# What needs to be done
Everything from the line that holds "91家纺网 家纺一手货源 找家纺" through the end of the records below is to be transcribed exactly, except the pictures.

# Dataset records
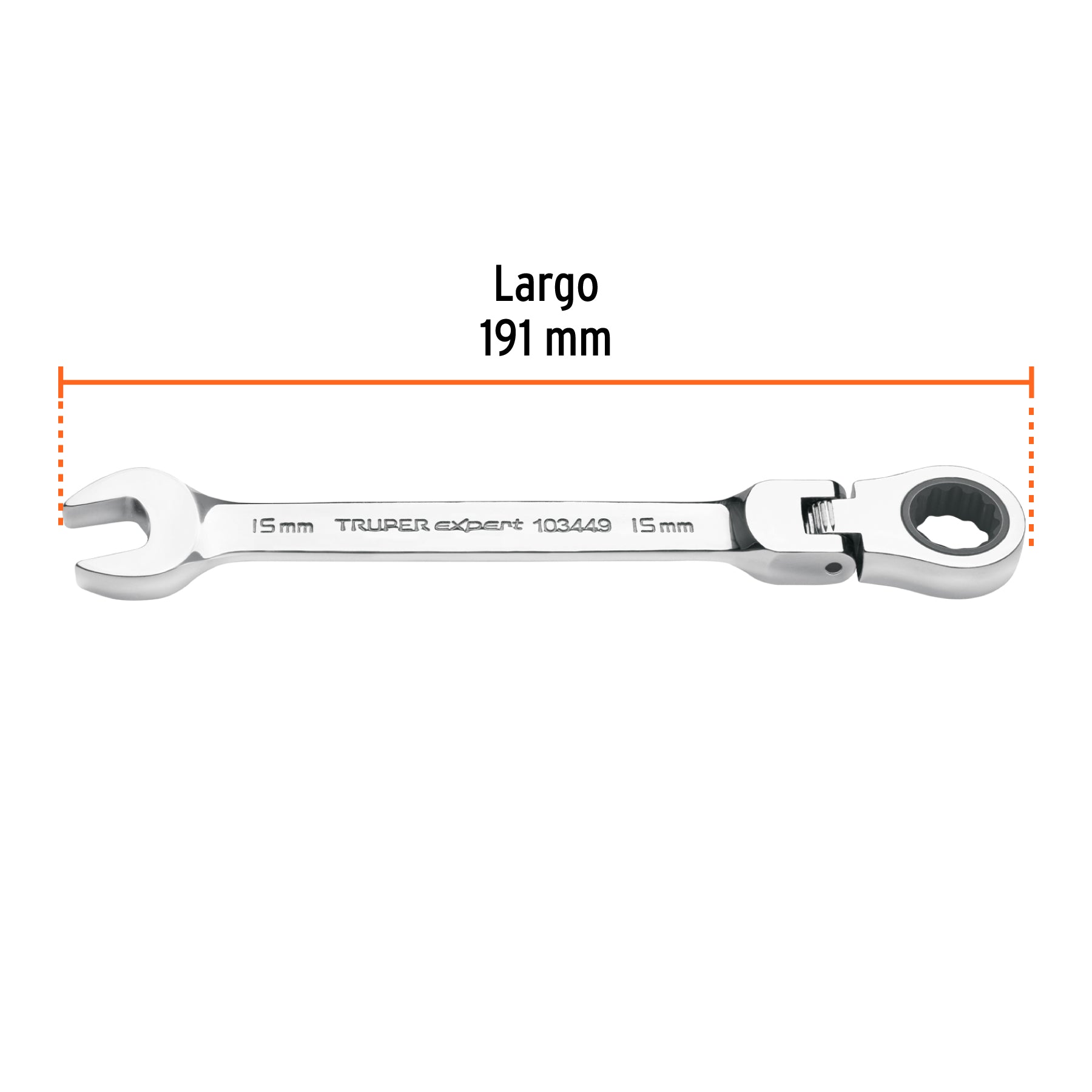 Llave combinada con matraca 15 mm flexible, EXPERT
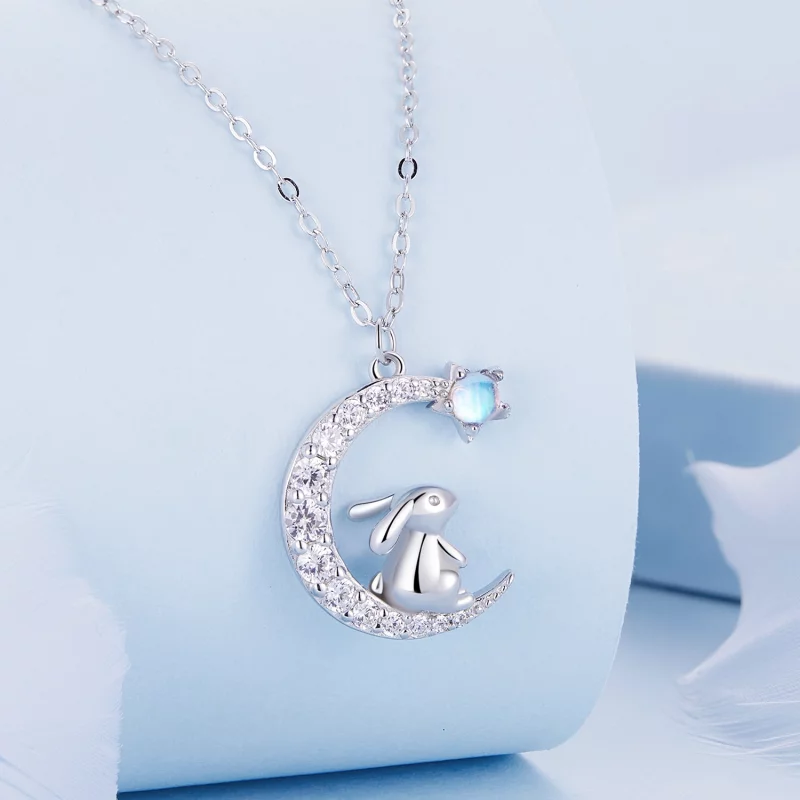 (image pour) Collier style Pandora avec un lapin lunaire - BSN302 - Afficher 2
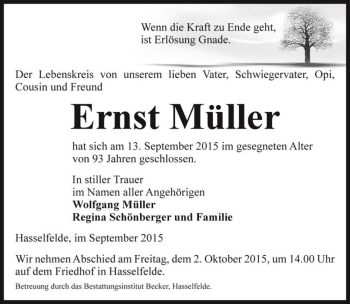 Traueranzeige von Ernst Müller  von Magdeburger Volksstimme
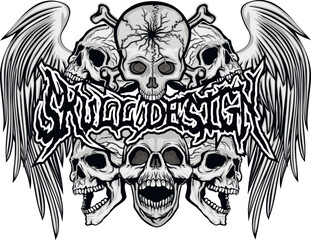 Gothic sign with skull and crown, grunge vintage design t shirts
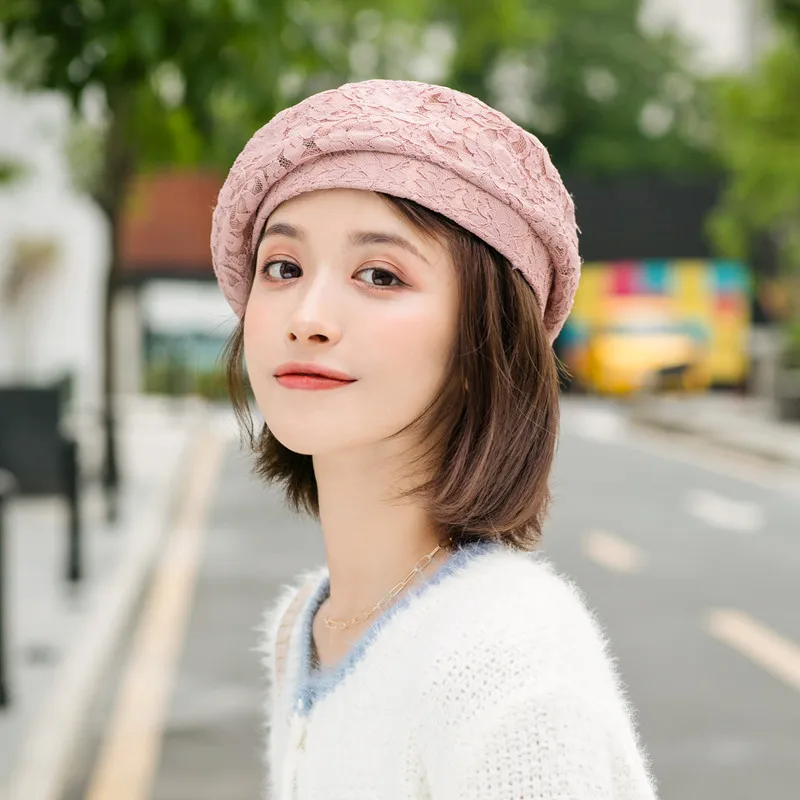 Lace Women\'s Beret Spring and Summer Hat Ladies Japanese Autumn AndWinter All-match Painter Hat 2022 Street Girl Octagonal Beret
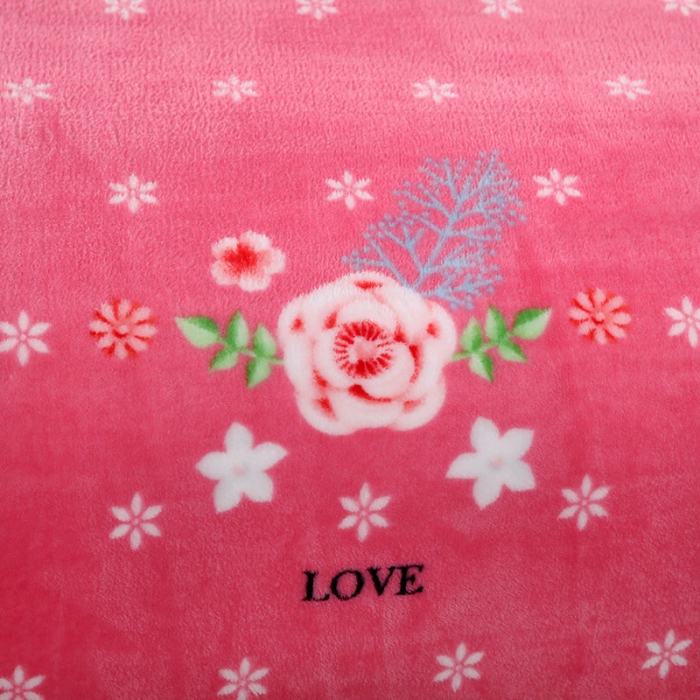 91家纺网 家纺一手货源 找家纺 赋雅 新款300克双面绒毯子超柔加厚云貂绒法莱绒 芬芳花园 粉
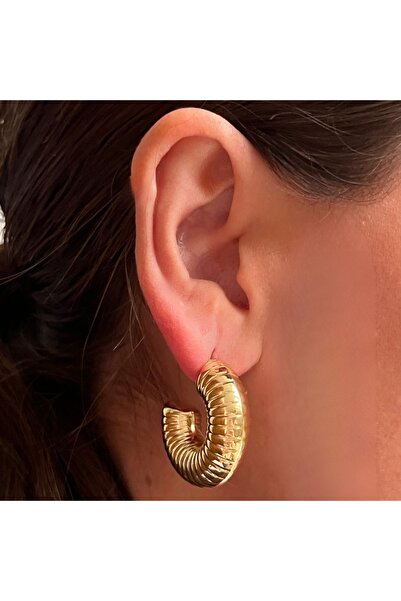 TuQos Gold Colored Curved Serrated Women's Steel Earrings - Pack of 2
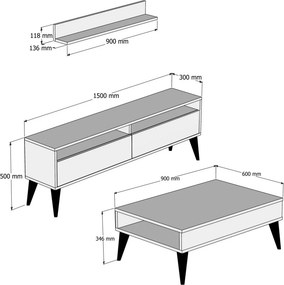 Best nappali bútorszett, tölgy, 150 cm
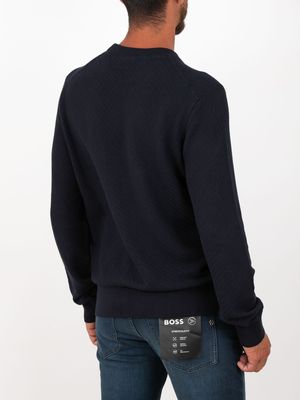3. BOSS Men's Crew Neck Cotton Sweater with Jacquard Workmanship Blue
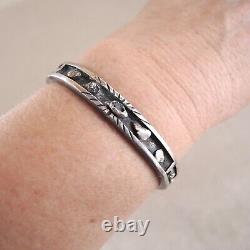 Vintage Navajo Silver Nugget Cuff Bracelet Inlaid Thick Sterling Old Pawn Early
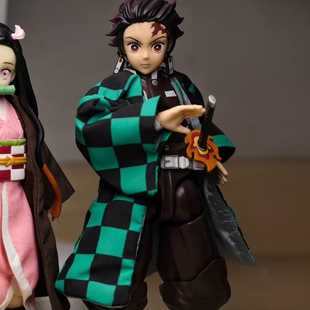 SHF鬼灭之刃灶门炭治郎衣服披风1/12兵人素体和服羽织diy布衣配件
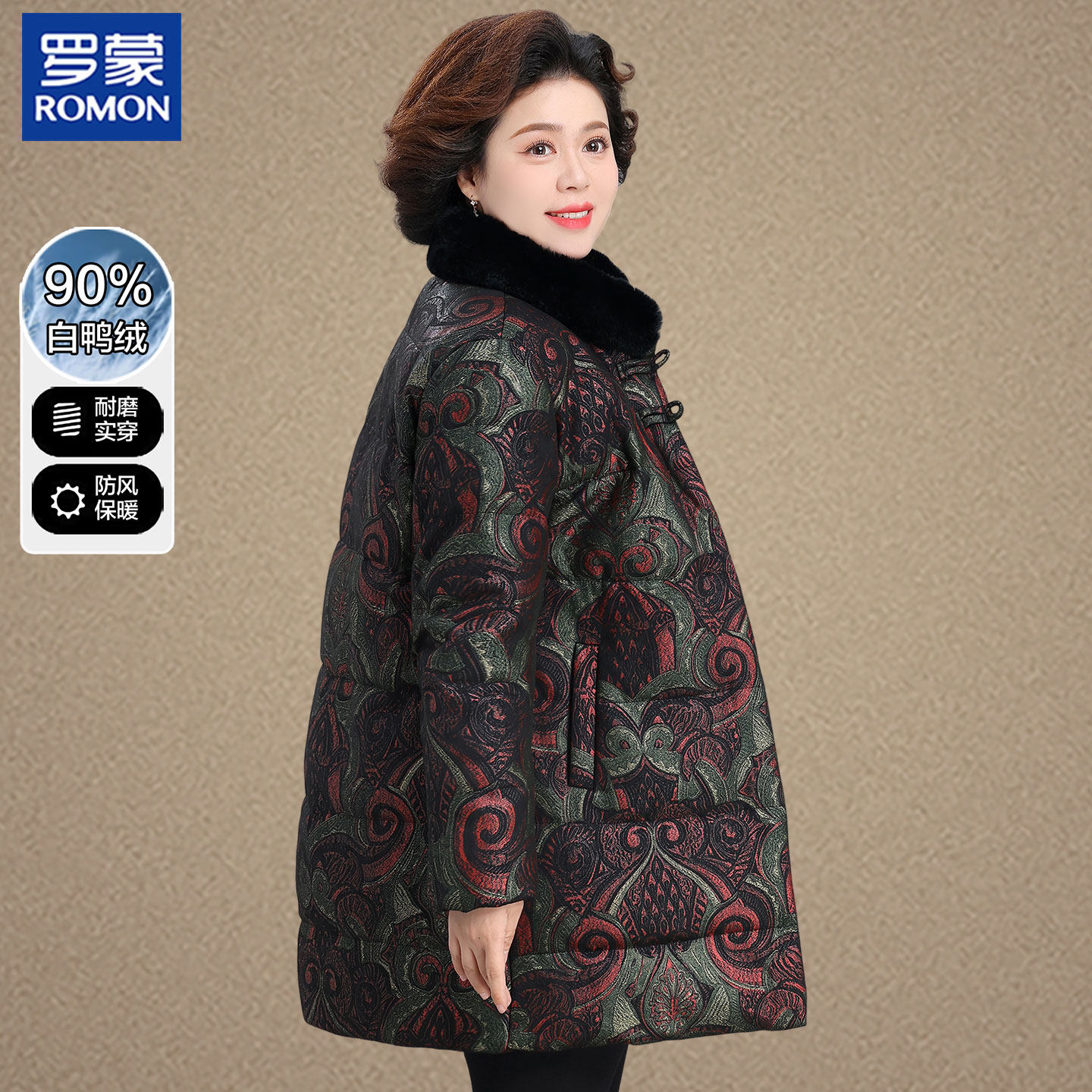 罗蒙妈妈中长款羽绒服2025新款中老年女加厚保暖印花毛领外套冬季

# Exercise answer
 91家纺网 家纺一手货源 找家纺 赋雅 新款300克双面绒毯子超柔加厚云貂绒法莱绒 芬芳花园 粉
 TuQos Gold Colored Curved Serrated Women's Steel Earrings - Pack of 2
 Best nappali bútorszett, tölgy, 150 cm
3. BOSS Men's Crew Neck Cotton Sweater with Jacquard Workmanship Blue
 Vintage Navajo Silver Nugget Cuff Bracelet Inlaid Thick Sterling Old Pawn Early
 SHF鬼灭之刃灶门炭治郎衣服披风1/12兵人素体和服羽织diy布衣配件
 罗蒙妈妈中长款羽绒服2025新款中老年女加厚保暖印花毛领外套冬季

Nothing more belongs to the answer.